Sur ce sujet sensible de l’assistance médicale à la procréation (AMP), le législateur français aborde une question posée par la polémique intervenue en 1999 aux États-Unis. Un enfant est né de la fécondation de l’ovule de sa mère au moyen d’un spermatozoïde extrait de la dépouille mortuaire de son père. La nouvelle loi interdit toute forme de transfert d’embryon post mortem. « Aux interrogations éthiques et psychologiques que peut susciter la mise au monde consciente d’un orphelin s’ajoutent les inquiétudes des juristes confrontés à la difficulté de régler la filiation et la situation patrimoniale de l’enfant conçu dans de telles conditions », explique Jean-François Mattei.
De même n’auront désormais le droit de recourir à l’AMP que les seuls couples hétérosexuels mariés ou ayant une vie commune d’au moins deux ans.

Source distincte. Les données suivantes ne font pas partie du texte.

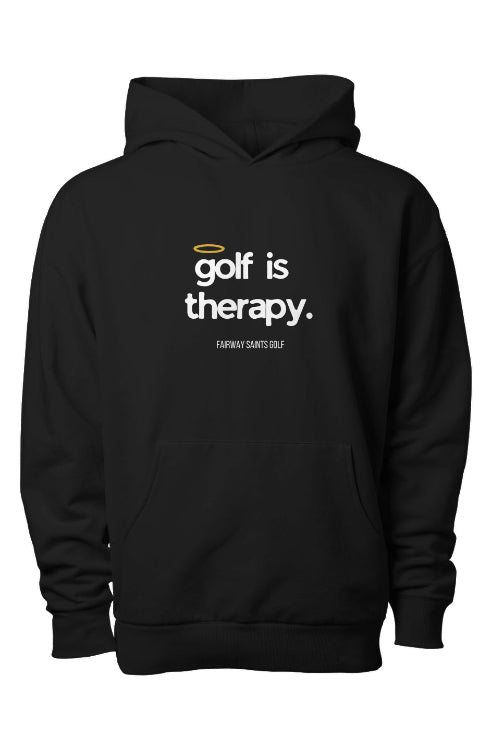 Golf is Therapy Independent Trading Co  (INDLUXHOOD) LUX HEAVYWEIGHT MODAL HOOD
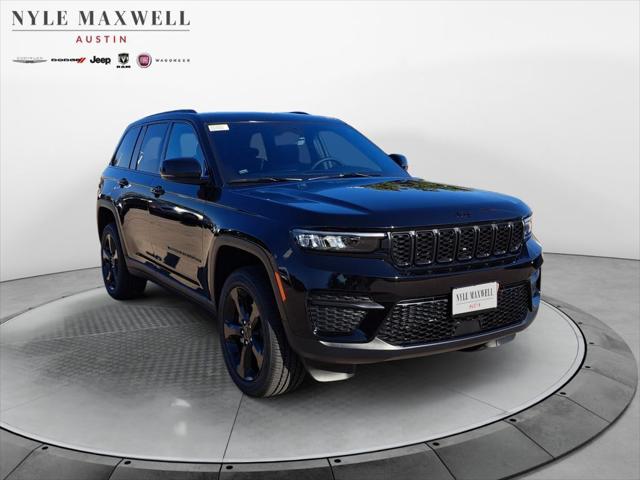 2025 Jeep Grand Cherokee GRAND CHEROKEE ALTITUDE X 4X2 2025 Jeep Grand Cherokee GRAND CHEROKEE ALTITUDE X 4X2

L’épineuse et brûlante question de la brevetabilité des gènes humains est abordée avec de nombreuses précautions. La complexité de ce problème est, de nouveau, soulignée par l’affaire des tests de dépistage des cancers du sein héréditaires opposant l’Institut (français) Curie à l’entreprise américaine Myriad Genetics. La nouvelle loi cherche à concilier le respect du patrimoine génétique de l’humanité avec le droit à la propriété intellectuelle. Le législateur français n’a donc rien voulu laisser au hasard pour sauvegarder une certaine éthique dans ce domaine de la transmission de la vie et de la perpétuation de l’espèce et de la dignité humaines. Mais ce n’est que dans la pratique, au contact avec les résistances de la curiosité scientifique et des intérêts économiques induits par l’AMP, qu’on pourra évaluer l’efficacité du nouveau dispositif législatif.